▸ Work instructions
Starting at the first line of the listing below, retype each line up to and including the one that contains "SubstrateSource Live Terrarium". Leave pictures out.

▸ Records for this task
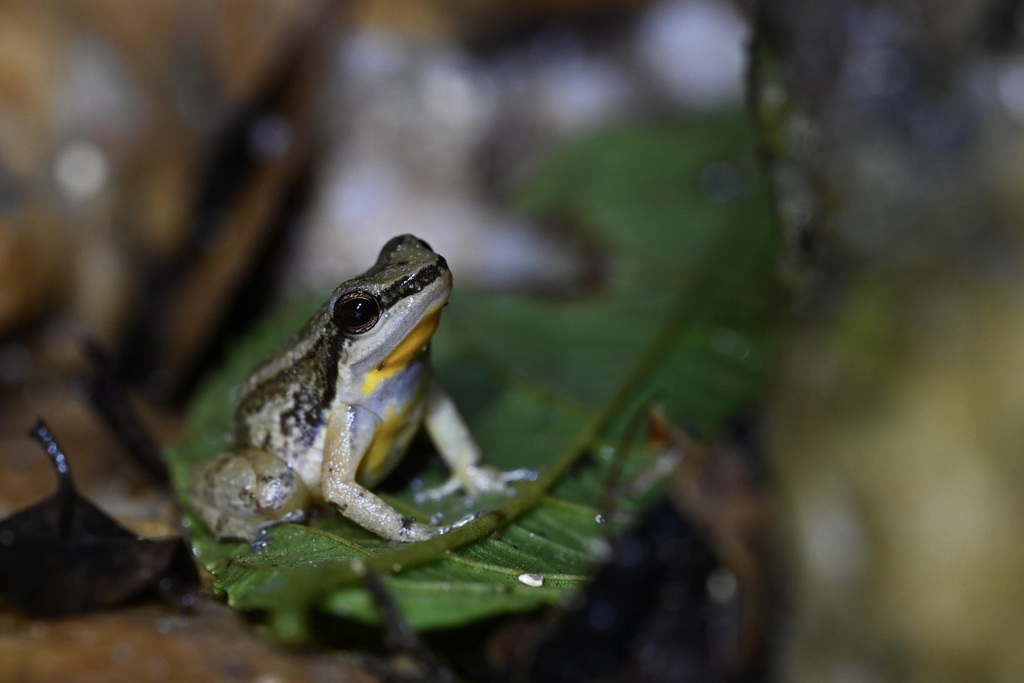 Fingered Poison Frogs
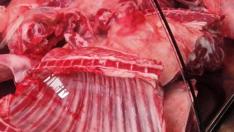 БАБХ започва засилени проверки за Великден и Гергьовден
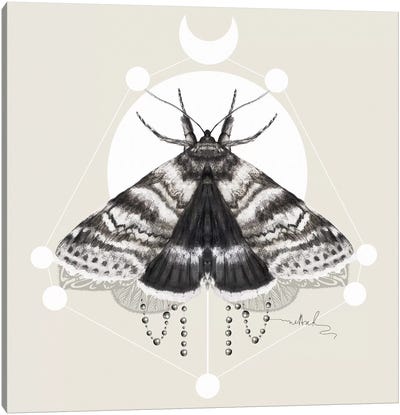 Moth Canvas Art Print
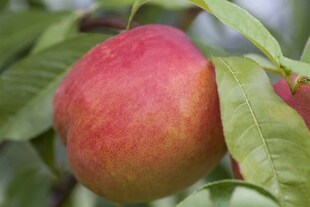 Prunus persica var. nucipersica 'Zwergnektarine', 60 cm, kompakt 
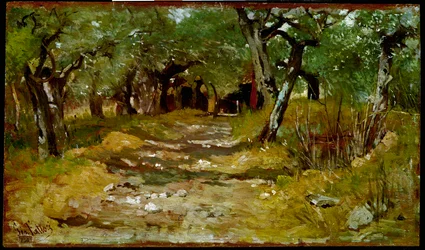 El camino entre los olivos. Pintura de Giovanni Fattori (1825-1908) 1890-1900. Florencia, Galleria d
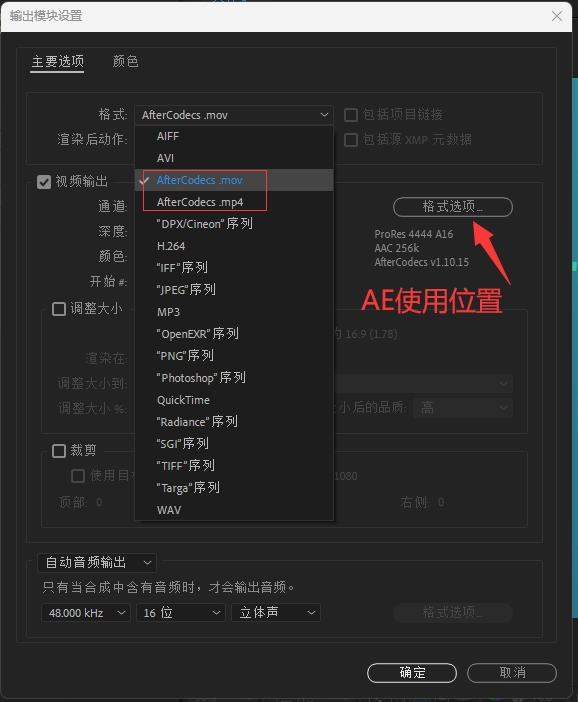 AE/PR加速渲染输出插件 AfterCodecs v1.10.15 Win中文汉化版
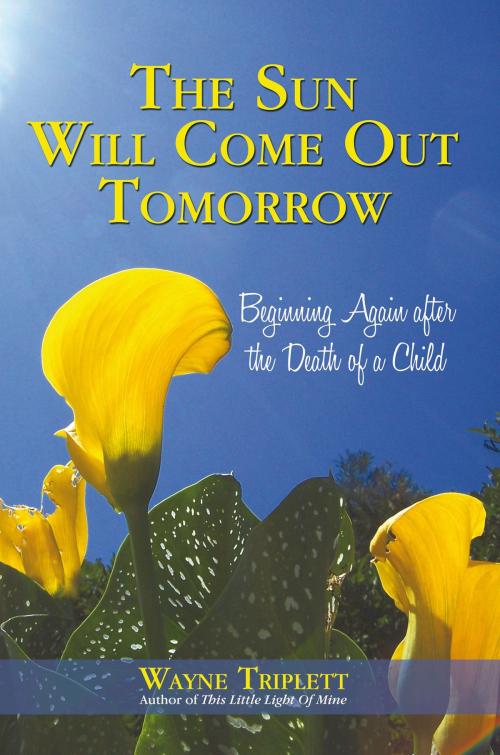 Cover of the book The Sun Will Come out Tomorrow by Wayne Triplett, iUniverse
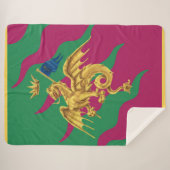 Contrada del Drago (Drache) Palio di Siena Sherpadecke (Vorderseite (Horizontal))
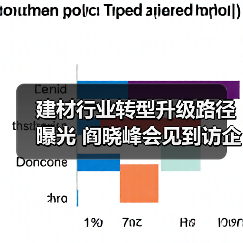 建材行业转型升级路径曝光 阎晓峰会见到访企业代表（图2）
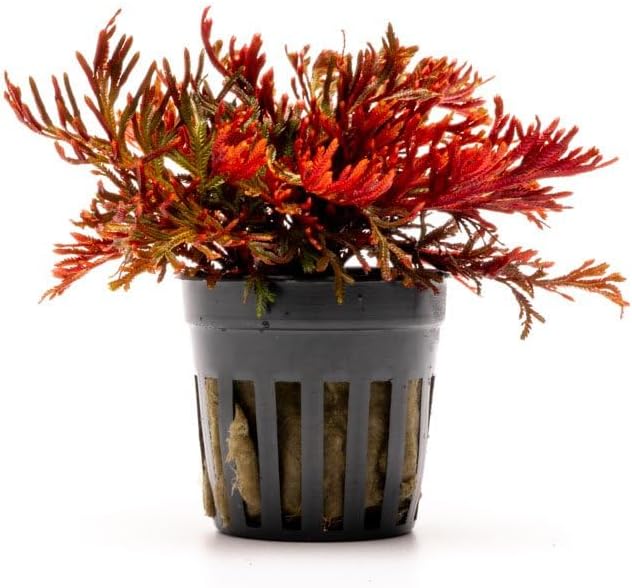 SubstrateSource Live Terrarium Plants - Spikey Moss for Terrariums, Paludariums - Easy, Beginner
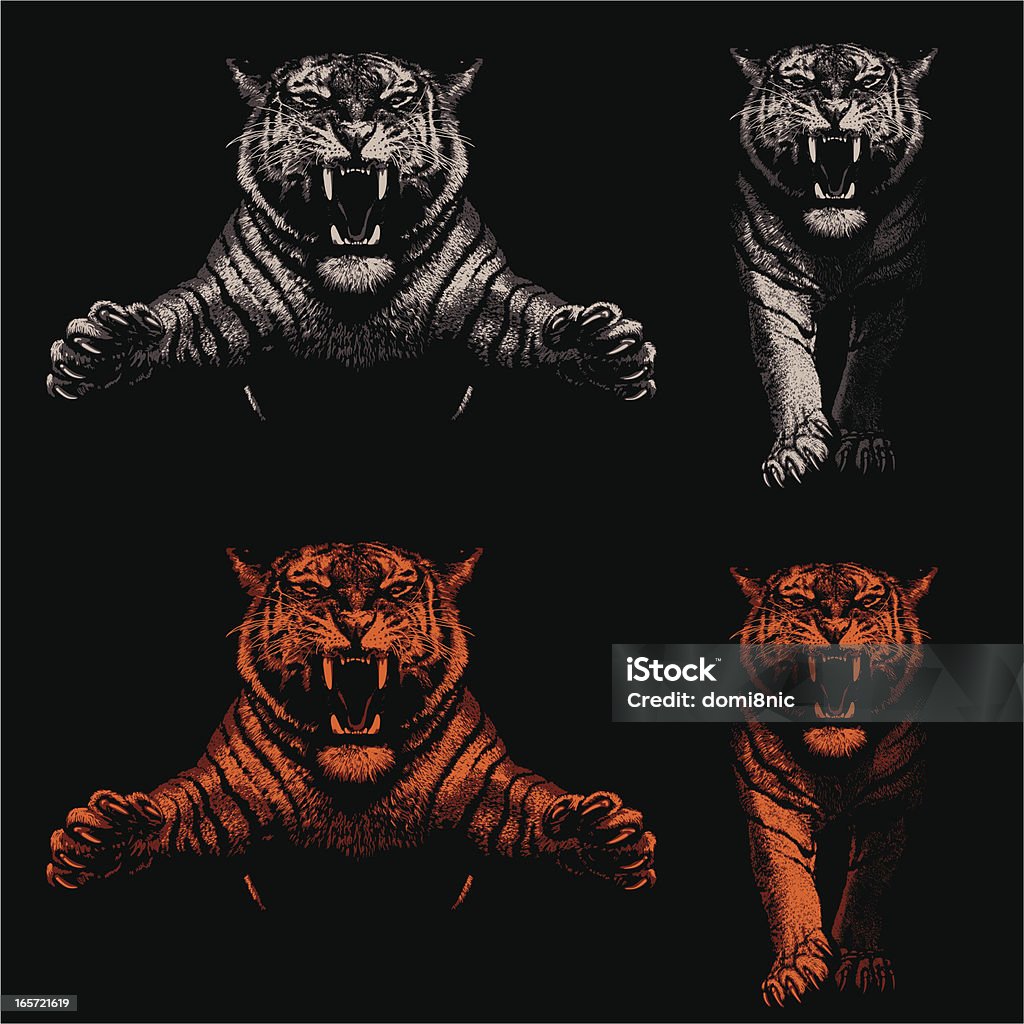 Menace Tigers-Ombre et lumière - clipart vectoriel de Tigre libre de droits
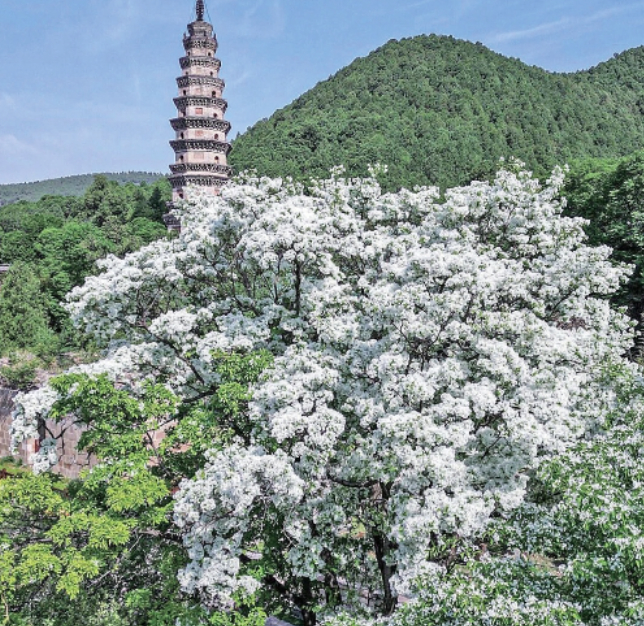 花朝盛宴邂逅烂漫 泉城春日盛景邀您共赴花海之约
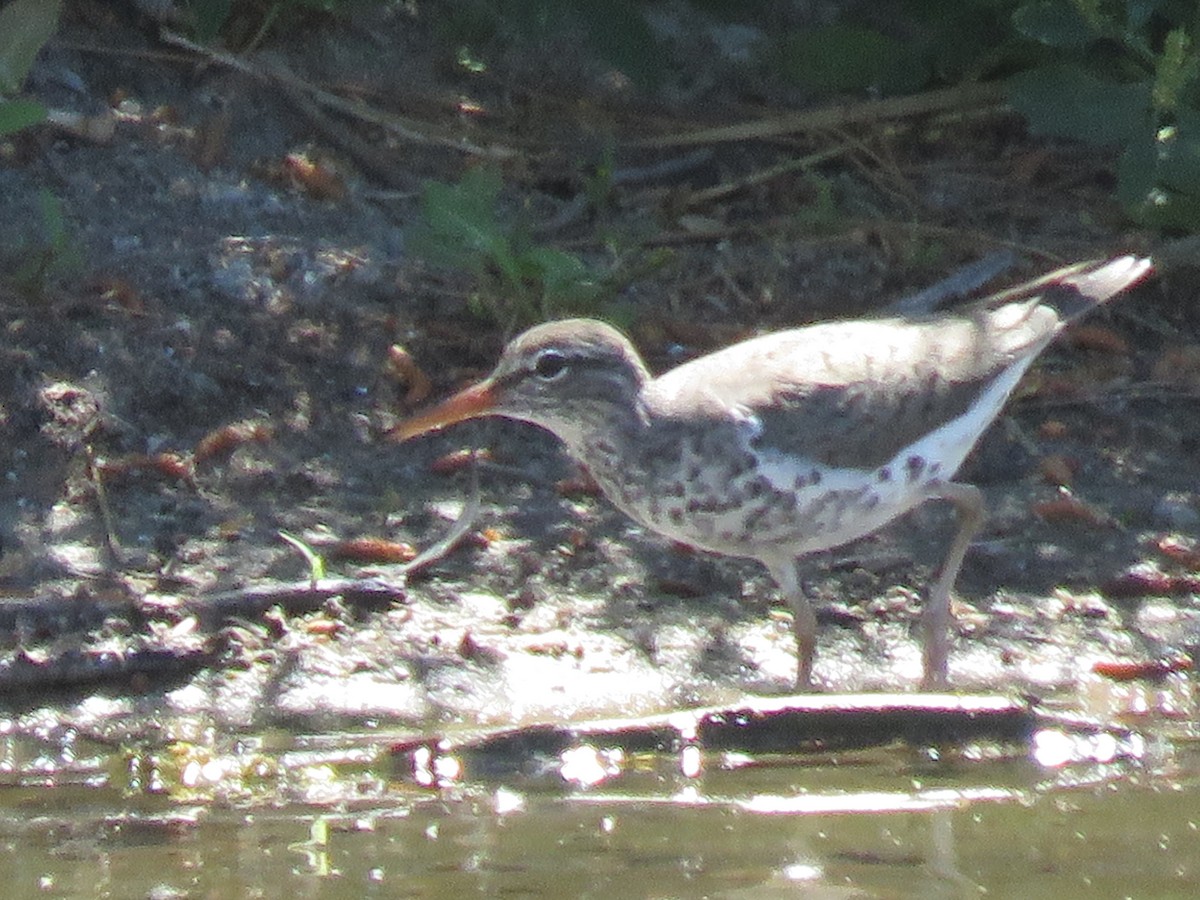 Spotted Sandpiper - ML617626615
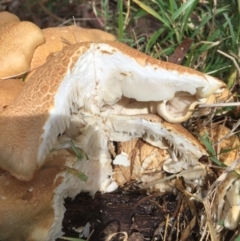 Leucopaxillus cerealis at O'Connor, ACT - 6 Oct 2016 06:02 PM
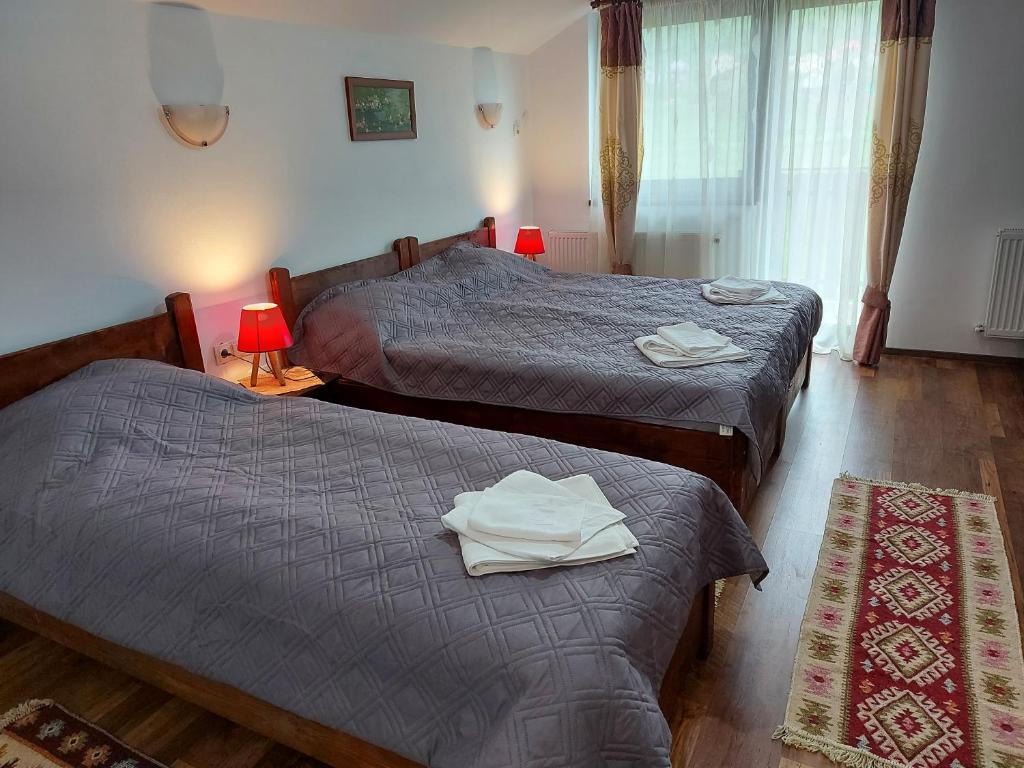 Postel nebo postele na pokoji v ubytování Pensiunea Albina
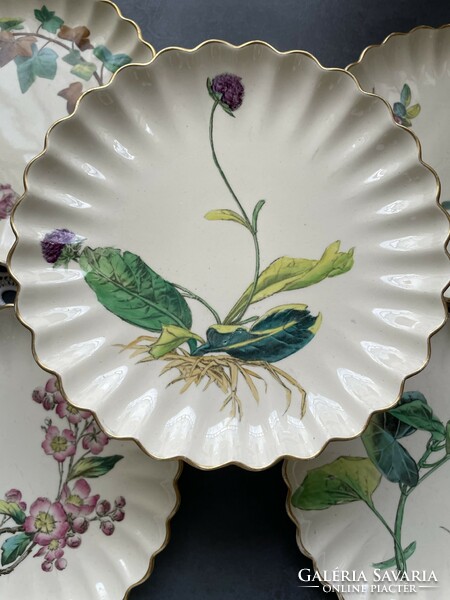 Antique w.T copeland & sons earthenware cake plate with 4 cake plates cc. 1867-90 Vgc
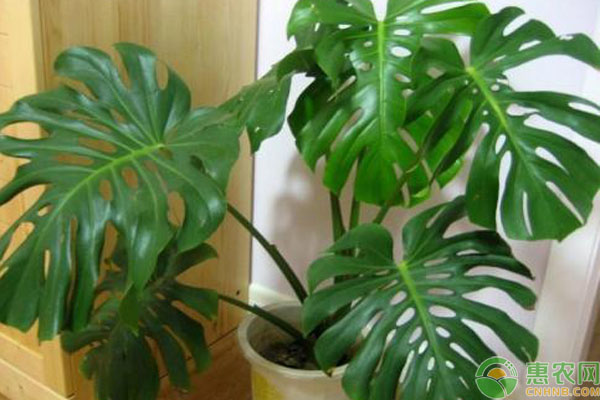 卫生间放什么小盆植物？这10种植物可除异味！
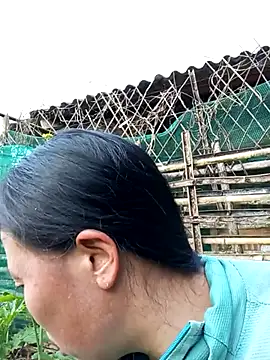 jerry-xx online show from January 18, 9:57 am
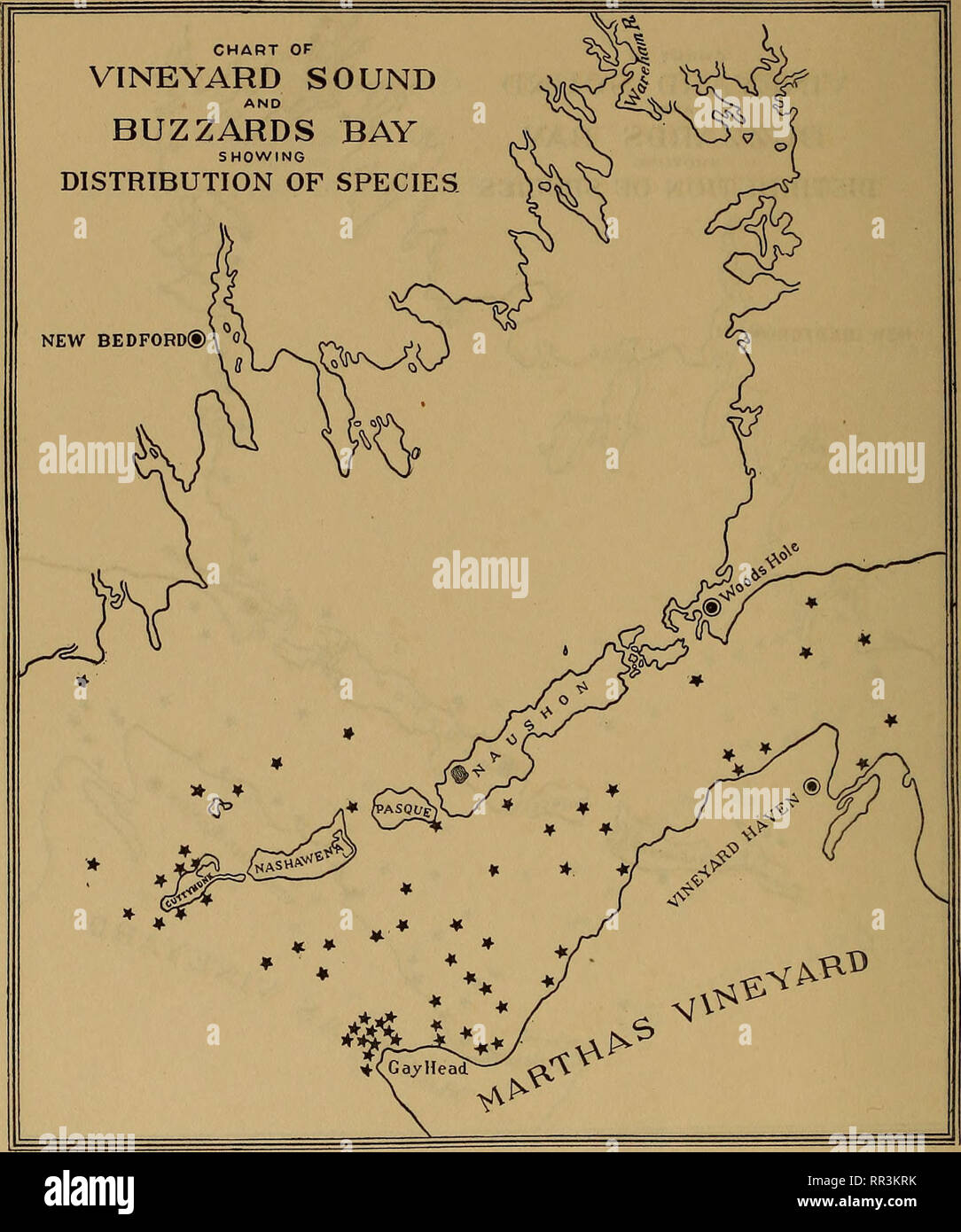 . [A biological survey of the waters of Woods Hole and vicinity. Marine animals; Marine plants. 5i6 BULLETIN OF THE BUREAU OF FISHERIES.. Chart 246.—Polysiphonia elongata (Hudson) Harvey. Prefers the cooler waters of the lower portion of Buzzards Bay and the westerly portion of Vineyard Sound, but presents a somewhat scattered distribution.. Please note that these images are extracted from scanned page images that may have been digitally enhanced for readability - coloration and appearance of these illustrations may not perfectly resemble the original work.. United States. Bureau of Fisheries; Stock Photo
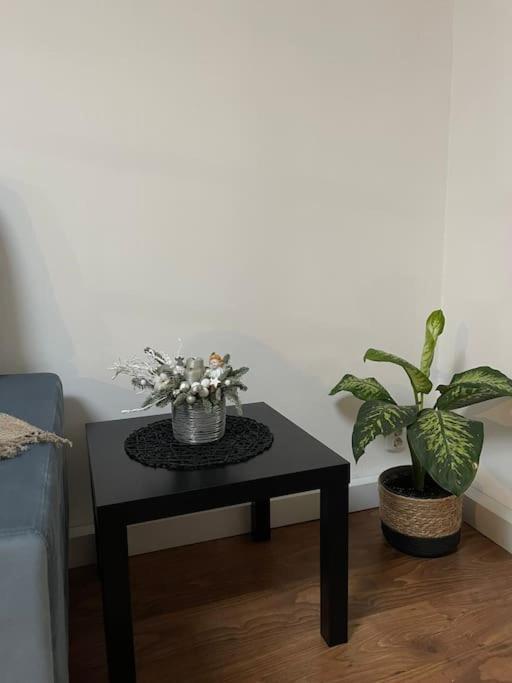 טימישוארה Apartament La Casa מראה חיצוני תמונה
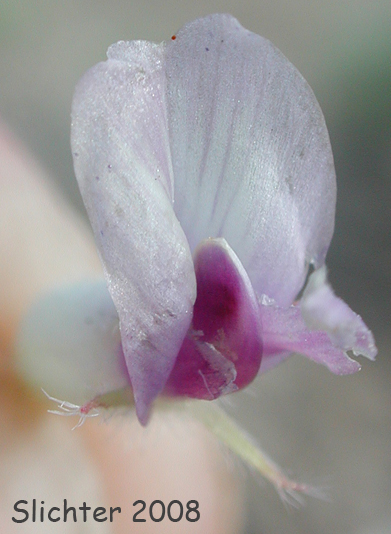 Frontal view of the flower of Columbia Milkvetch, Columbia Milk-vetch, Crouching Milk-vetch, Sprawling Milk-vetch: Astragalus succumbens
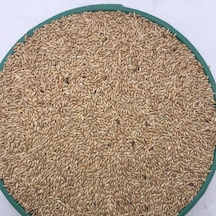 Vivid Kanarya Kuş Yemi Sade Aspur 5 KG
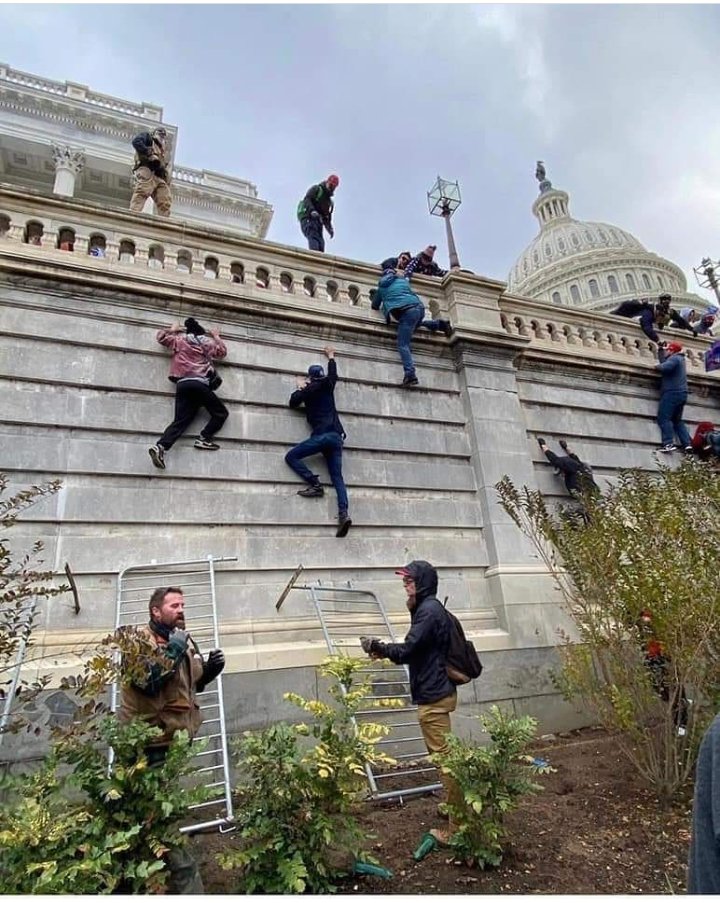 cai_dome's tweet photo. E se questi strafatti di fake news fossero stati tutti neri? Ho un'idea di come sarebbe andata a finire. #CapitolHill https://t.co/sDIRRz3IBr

▸ Result of the exercise
 Fingered Poison Frogs
 БАБХ започва засилени проверки за Великден и Гергьовден
 Moth Canvas Art Print
 Prunus persica var. nucipersica 'Zwergnektarine', 60 cm, kompakt 
 El camino entre los olivos. Pintura de Giovanni Fattori (1825-1908) 1890-1900. Florencia, Galleria d
 AE/PR加速渲染输出插件 AfterCodecs v1.10.15 Win中文汉化版
 Cover of the book The Sun Will Come out Tomorrow by Wayne Triplett, iUniverse
 Contrada del Drago (Drache) Palio di Siena Sherpadecke (Vorderseite (Horizontal))
 建材行业转型升级路径曝光 阎晓峰会见到访企业代表（图2）
 SubstrateSource Live Terrarium Plants - Spikey Moss for Terrariums, Paludariums - Easy, Beginner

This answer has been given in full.